Friday night, Lipscomb hosted animator Bruce W. Smith, who won an Academy Award for the animated short “Hair Love” and created the Disney Channel series The Proud Family. Smith spoke about his background, his time as an animator (including why he creates media featuring black stories) and gave some information on the upcoming reboot of The Proud Family on Disney+.
Smith grew up in Los Angeles and fell in love with animating from a young age. Drawing was contrary to the culture of the area, and that fueled him to create more.
“I was a kid who just loved to draw and had to eventually find an outlet for it,” said Smith. “I grew up in L.A. in gang culture, and you had to assimilate and fit in. You have to learn.”
Smith credits his mom for inspiring him to continue to draw despite the community around him. He used her likeness and personality as inspiration for the character Suga Mama in The Proud Family.

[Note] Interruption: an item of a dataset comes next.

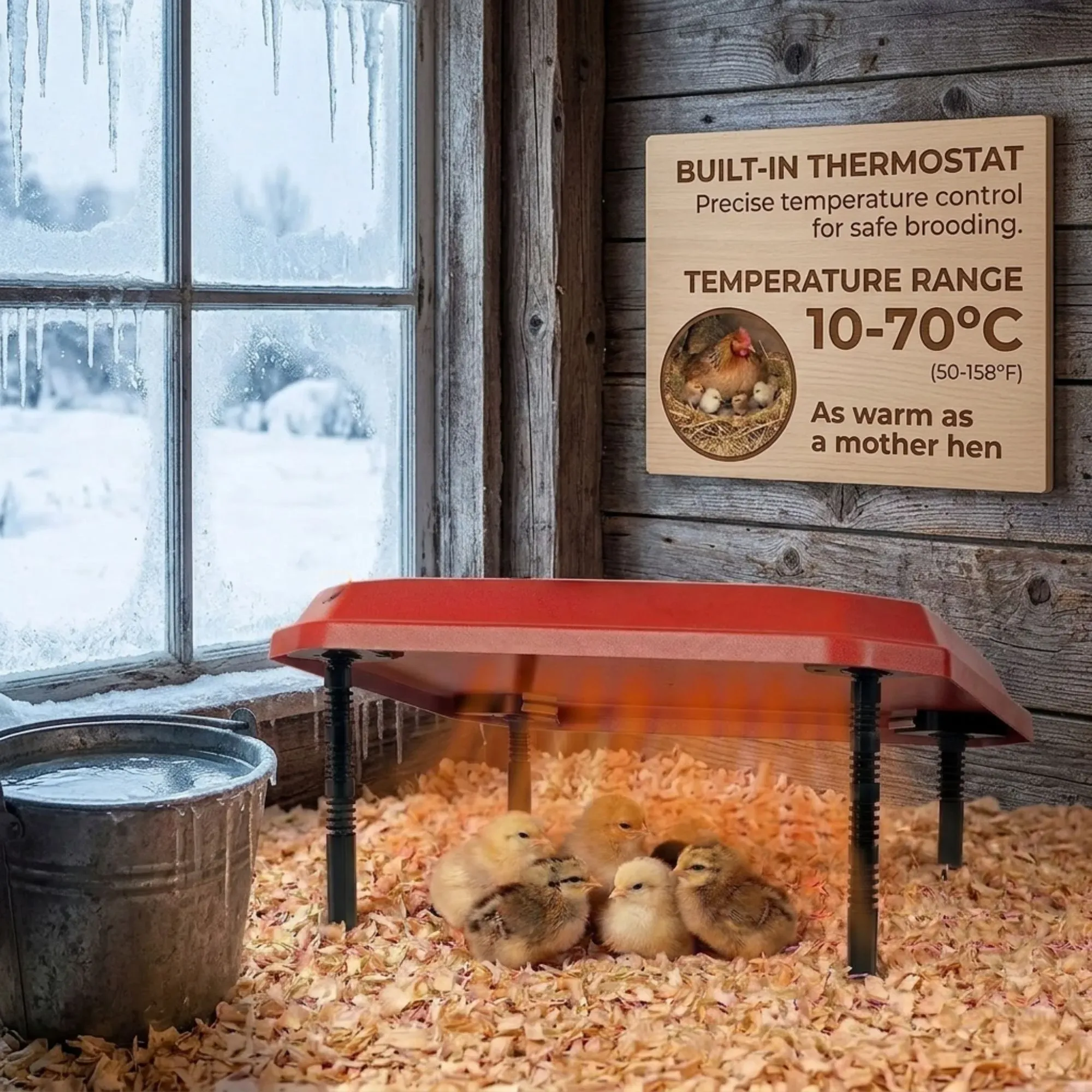 CARLA HOME Chick Brooder Heating Plate - Adjustable Height - Red - Chicken Heater view 6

This desire to create only grew when he started animating professionally, but this time he knew what stories he wanted to tell. He noticed that black representation in animation was few and far between.
“I realize that our animation business is probably made up of three to five percent African Americans,” said Smith. “Therefore, you won’t get a lot of African American content on the screen from an African American standpoint because the people aren’t there at the table to put us in primary parts of films.”

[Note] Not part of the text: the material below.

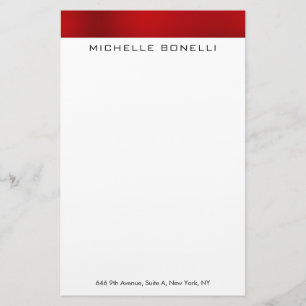 Professional elegant modern red white minimalist stationery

Smith directed “Bebe’s Kids”, one of the first animated films to feature African Americans in a prominent role.
With telling these stories comes some challenges. Smith took the first iteration of The Proud Family to Disney Television. The network rejected it, telling him to take the show over to BET. After being shopped to Nickelodeon, Disney Channel eventually picked up the show.
Smith also shared stories of times the animation trail had been enjoyable. As Animation Director of Space Jam, he got the chance to interact with and play basketball against the stars of the film.
“I can never tell the story because Michael Jordan can never live it down,” said Smith. “He’s very angry that I beat him on the court.”
But Smith went on to communicate some lessons that he has learned throughout his years as an animator and director.
“You have to learn how to do more than one thing,” said Smith. “For me, there was no school for directing; you just have to learn it when you get the job to do it. It’s like being a great carmaker.”
Smith also shared details on the recently announced reboot of The Proud Family, called The Proud Family: Louder and Prouder, coming to Disney+ in 2021. The series will feature an aged-up version of the original cast and will feature a different set of storylines through its semi-serialized episodes.